Stopping a Sexist Remark Before It Starts

Lindsey from the blog “Starting Out in Your 20s and Beyond” had an interesting post recently about an issue that we took on last year: how to respond when a person about to make a sexist remark announces in advance what they’are going to do. This takes forms like “Some of you women are going to find this sexist. . .,” “I’m not trying to be sexist but . . .,” or “Ok, I’m going to say something sexist but . . .” That introduction is designed to shift the burden from the speaker to the listeners: if they find what is said offensive, the problem is theirs, not the speaker’s. 

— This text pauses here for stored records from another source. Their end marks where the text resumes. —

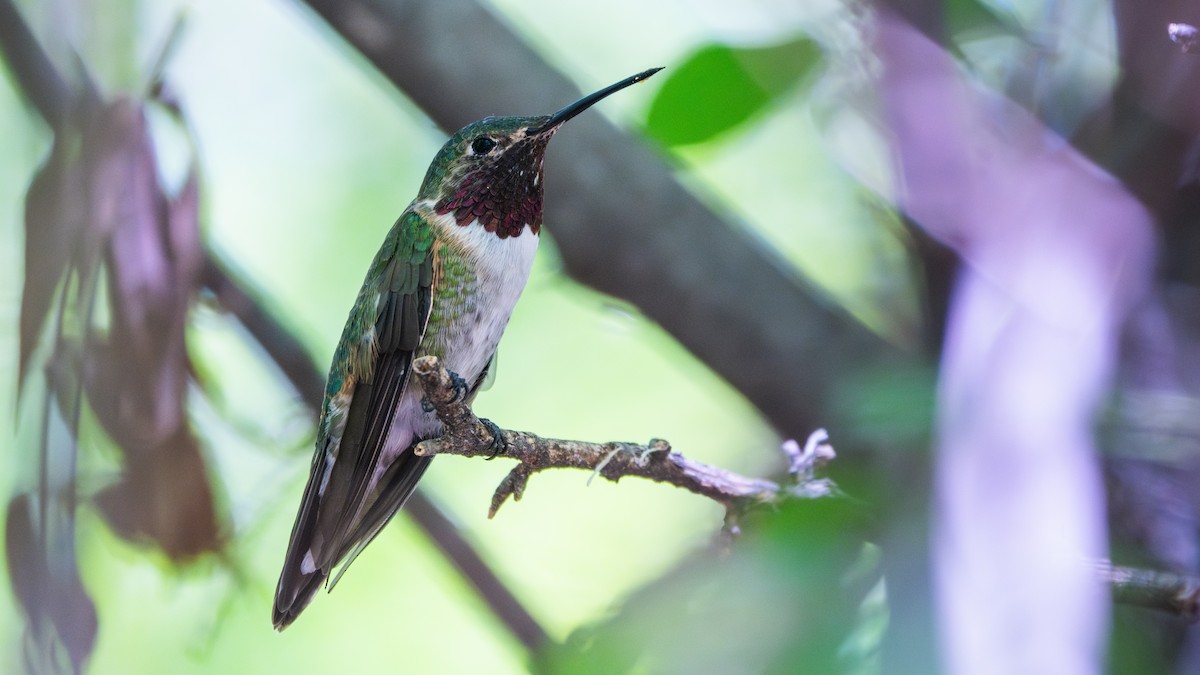 Geniş Kuyruklu Kolibri - ML644620226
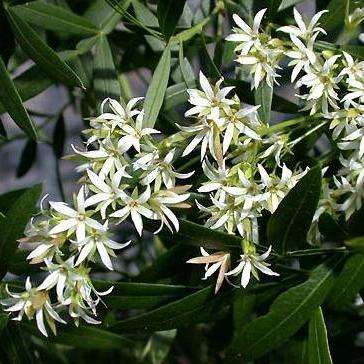 Loxostylis alata Tree Seeds ~ Tarwood, Wild pepper tree, Teerhout, Tierhout - Indigenous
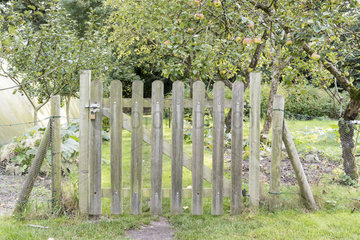Wooden gate giving access to a kitchen garden  autumn  Pas de Calais  France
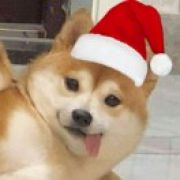 小朋友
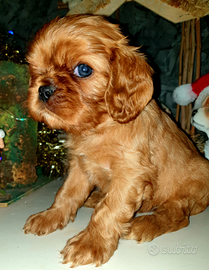 Cuccioli di Cavalier King Ruby con pedigree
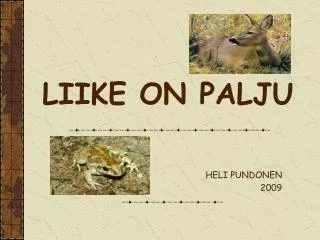 liike on palju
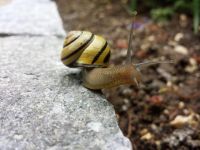 蜗牛 - 小动物状物作文600字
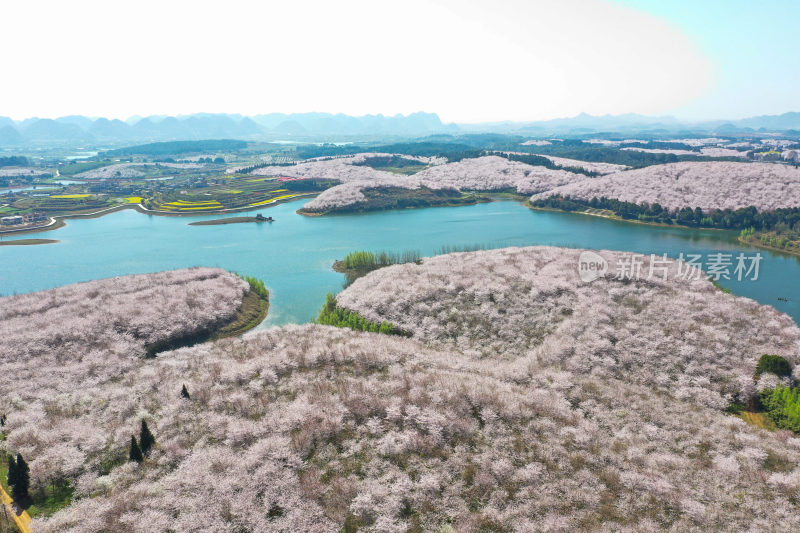 贵州平坝樱花   最美丽最梦幻的樱花园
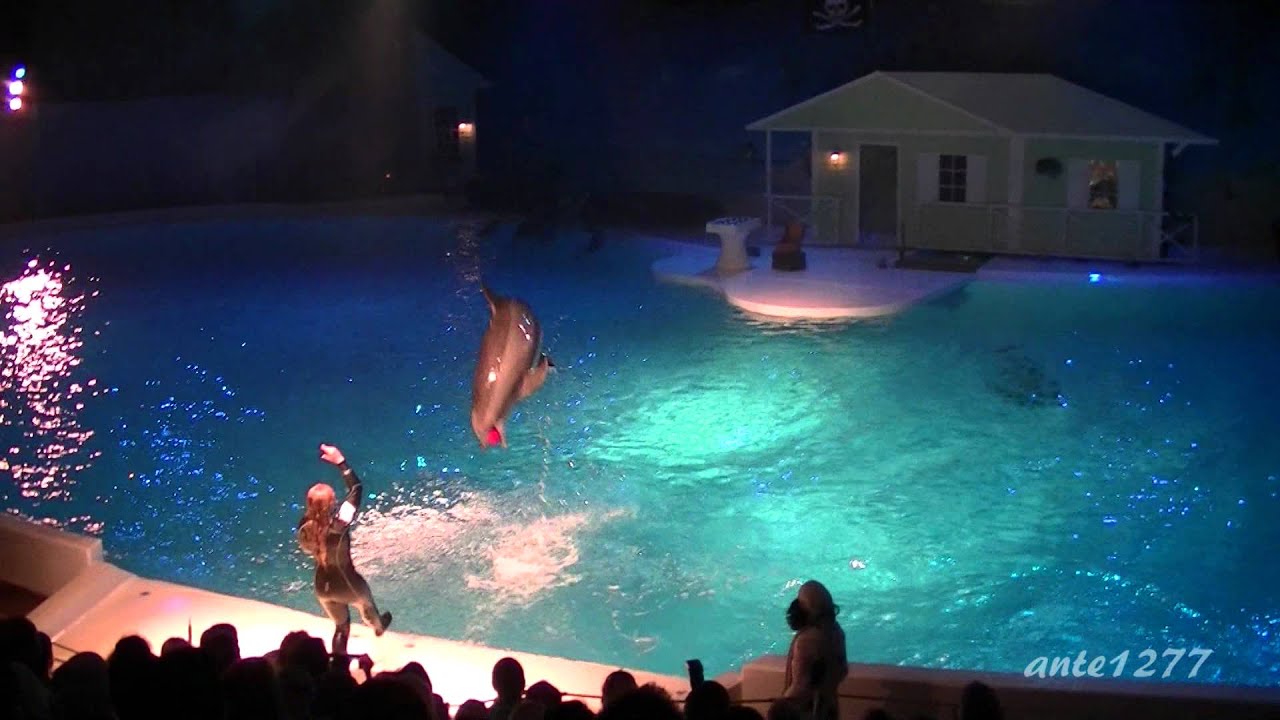 Delfinshow - Kolmårdens djurpark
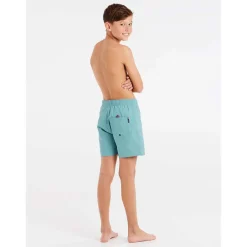 Culture Beachshort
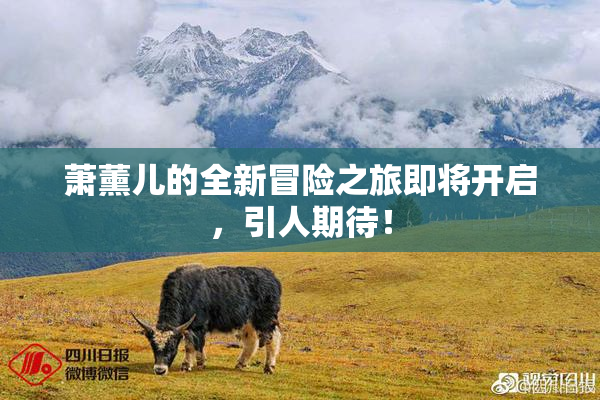 萧薰儿的全新冒险之旅即将开启，引人期待！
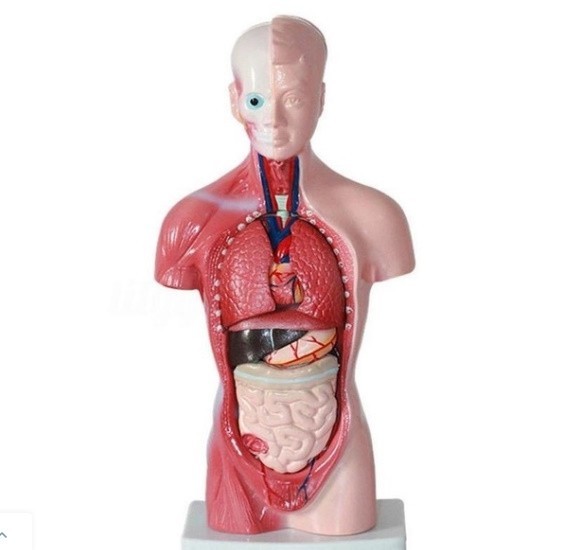 M251 28CM UNISEX человек. туловище body анатомия модель внутренности сердце .. каркас медицина образование 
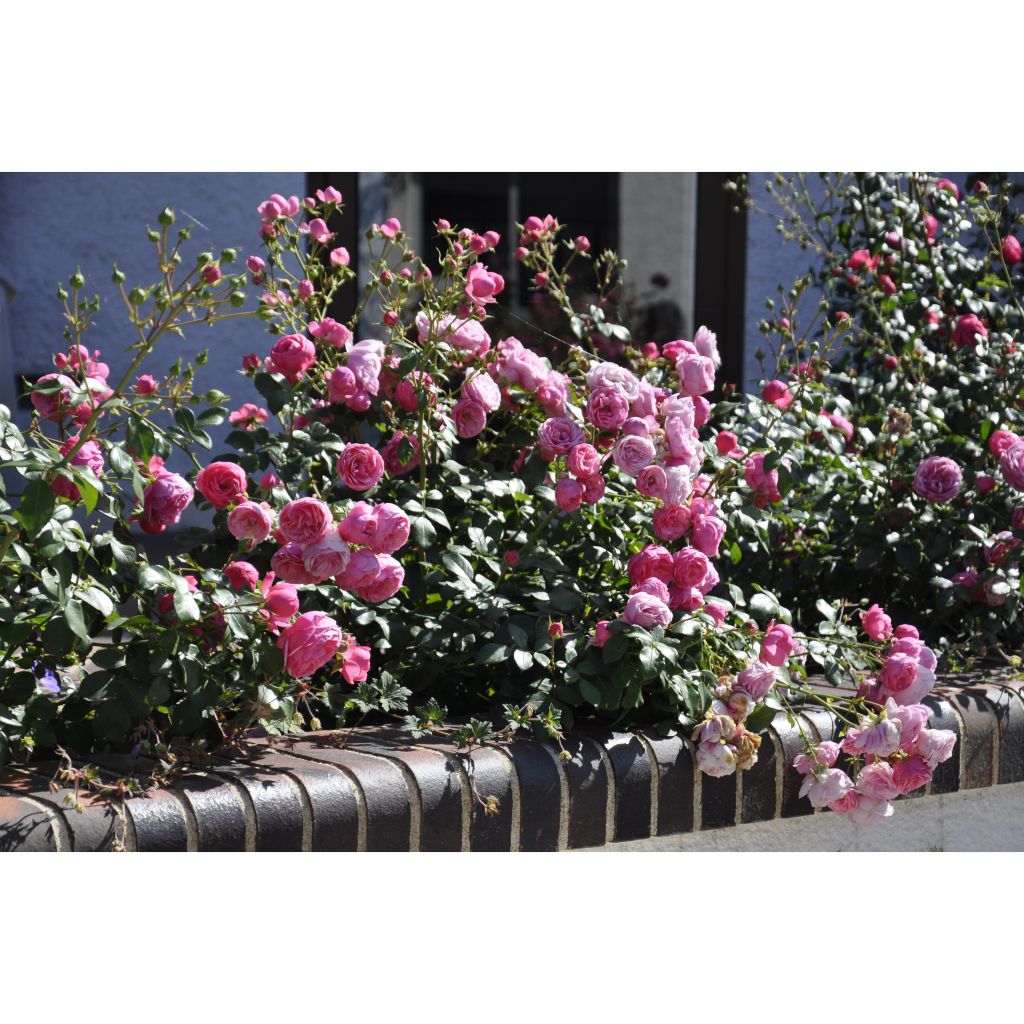 Rosa Pomponella - Beetrose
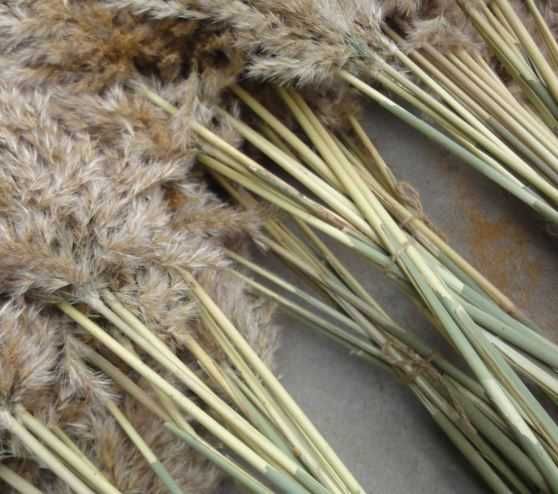 Trawa pampasowa  beżowa 140cm naturalna PIĘKNA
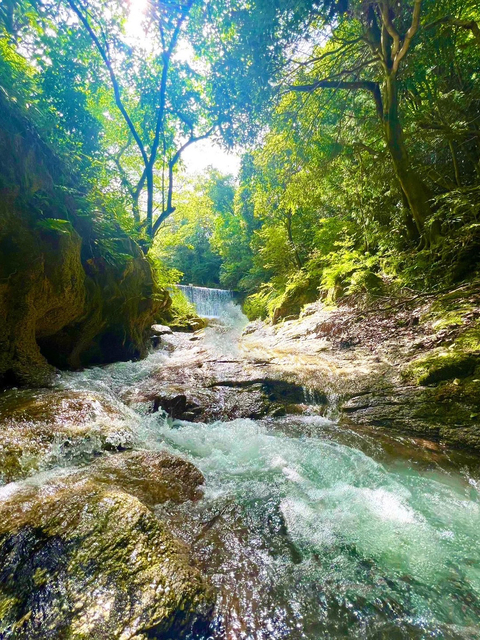 八風キャンプ場の画像 4枚目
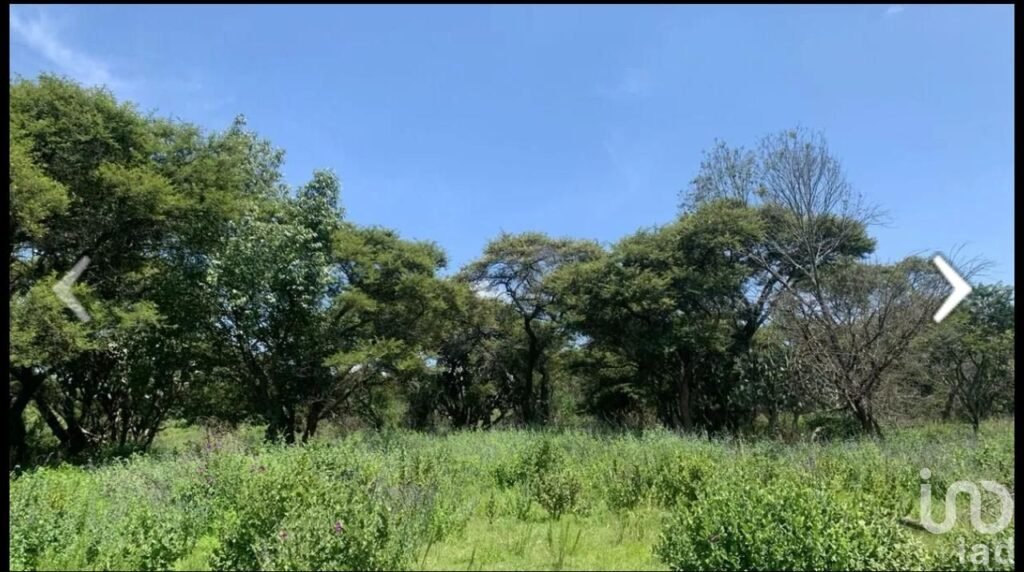 SE VENDE TERRENO DE 12 HECTAREAS EN ATEMAJAC DE BRIZUELA JALISCO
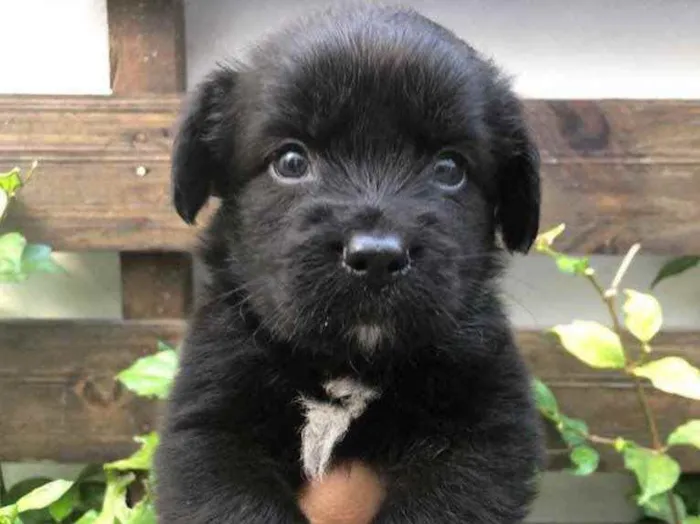 Cachorro raça Sem Raça Definida idade Abaixo de 2 meses nome Sem nome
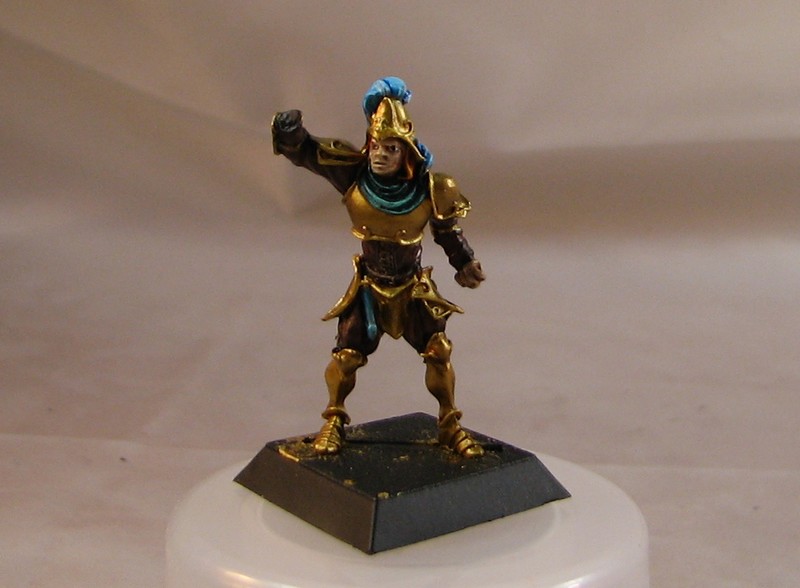 Garde d'Alahan figurine confrontation Img_0026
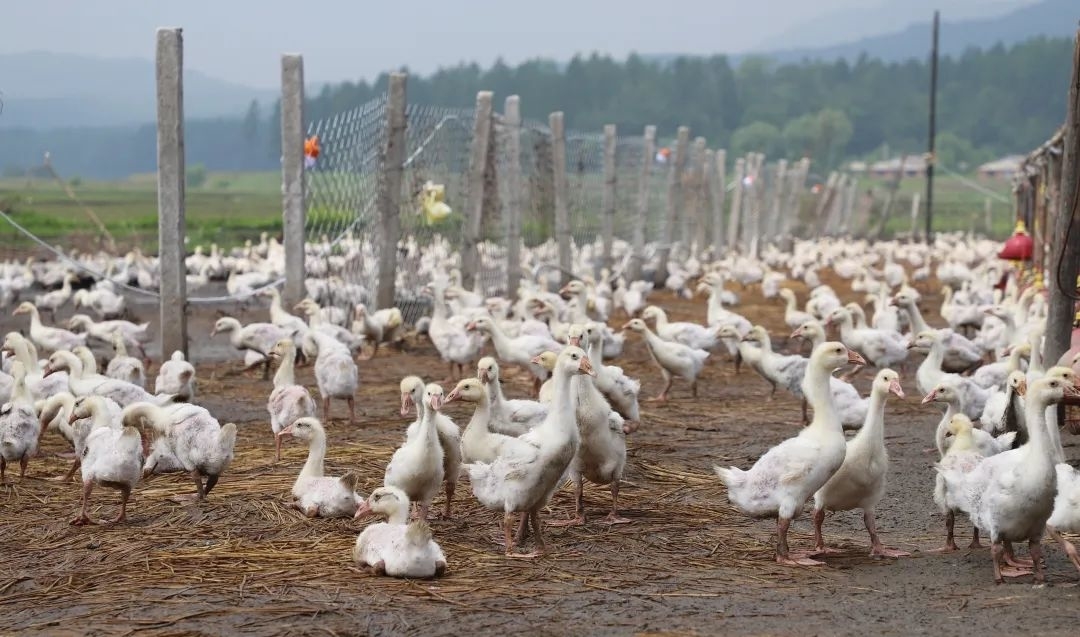 乡村振兴丨舒兰农村商业银行：金融政策为白鹅养殖保驾护航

Lindsey suggests that when someone says “I know I shouldn’t say this, but . . .,” we might just interrupt to say, “Then I don’t want to hear it. No, really, if it’s going to make me mad, don’t say it.” Another response might be “Since you recognize that what you’re going to say might be offensive, I’d appreciate it if you didn’t say it.” Both of those approaches are in keeping with Cynthia’s suggestion two weeks ago that when confronted with sexist comments, we might just nicely tell people what we want. 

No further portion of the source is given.